The fintech business continued to grow, and financial management and cloud services grew strongly: 1Q24 fintech and corporate services revenue of $52.3 billion (yoy +7%, qoq -4%), lower than Bloomberg's agreed estimate of $55.1 billion. Revenue from fintech services grew at a single-digit percentage year over year, mainly due to a slowdown in offline consumer spending growth and a decrease in withdrawal revenue, while revenue from financial management services grew strongly. The revenue of the enterprise service business achieved a year-on-year growth rate of about ten points due to the increase in cloud service revenue and technical service fees for video account merchants.

Advertising business and value-added services led to an increase in overall gross margin: The overall gross margin in 1Q24 was 52.58% (YoY+7pct, qoq+3pct). The positive increase in gross margin was due to rapid growth in high-margin revenue sources. Sales expenses for the quarter were 7.5 billion yuan, up 7% year on year, management expenses were 24.8 billion yuan, up 1% year on year, down 9% month on month, and management expense ratio decreased 0.9 pct year on year.

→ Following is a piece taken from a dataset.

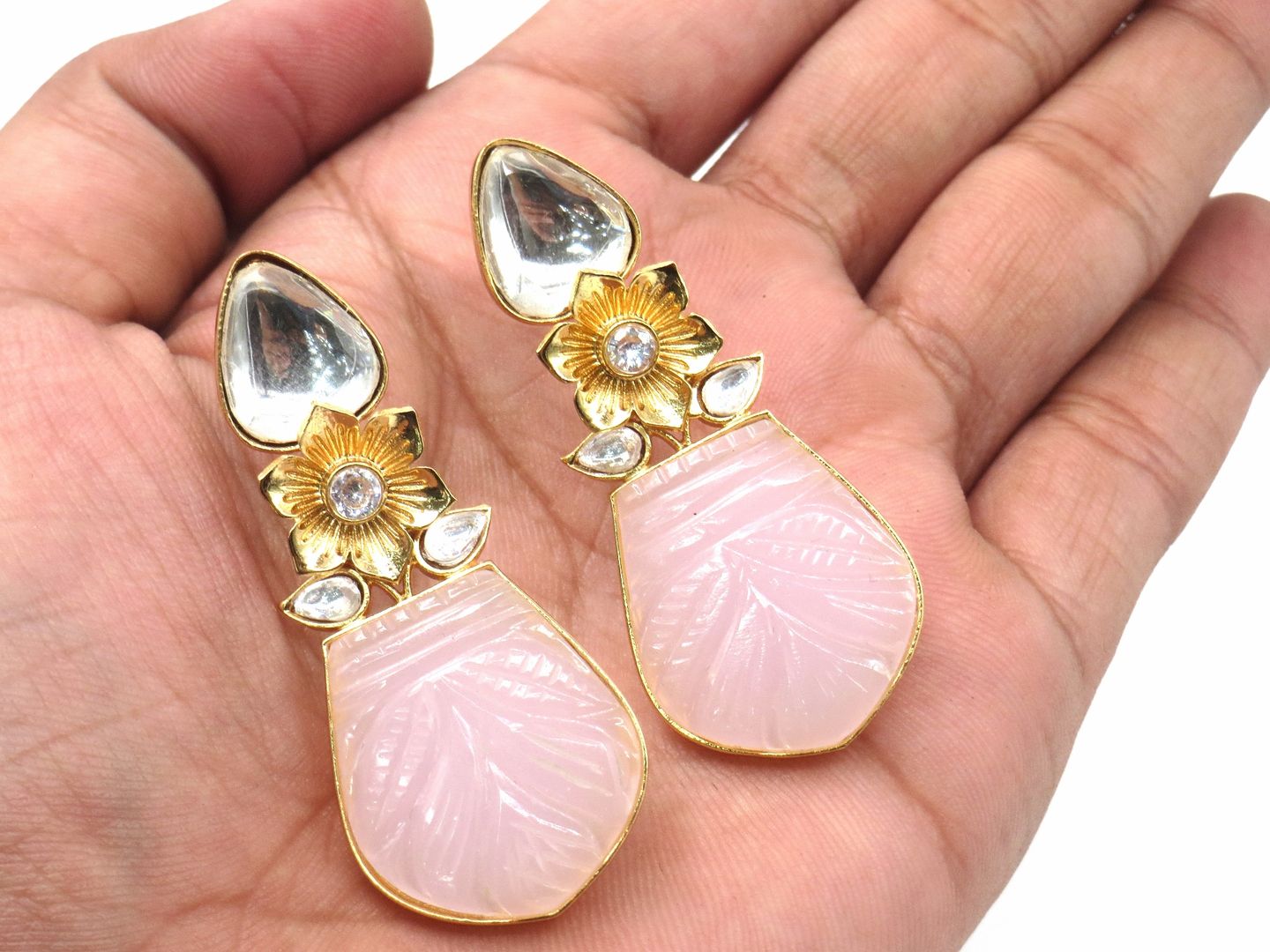 Jewelshingar Jewellery Fine Semi Precious Stone Earrings  ( 53383URVI )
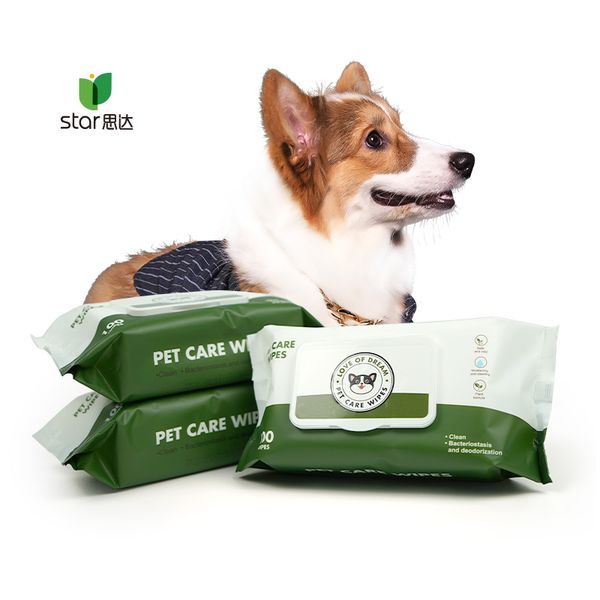 manufacturer factory low price good quality 100pcs quick cleaning ear dog wipes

Profit forecast and investment rating: The increase in the company's gross margin exceeded expectations. We adjusted the adjusted net profit for 2024-2026 from $1850/2104/2393 billion to $1932/2357/266.3 billion, corresponding to 2024-2026 PE of 18/15/13 times (HKD/RMB = 0.93, May 17, 2024). The company still has solid business barriers and a strong ecosystem. Overall business revenue such as video accounts, applets, and fintech continues to grow, so we maintain the company's “buy” rating.

Risk warning: Policy and regulatory risk; operating data lower than expected; monetization pace lower than expected.

The translation is provided by third-party software.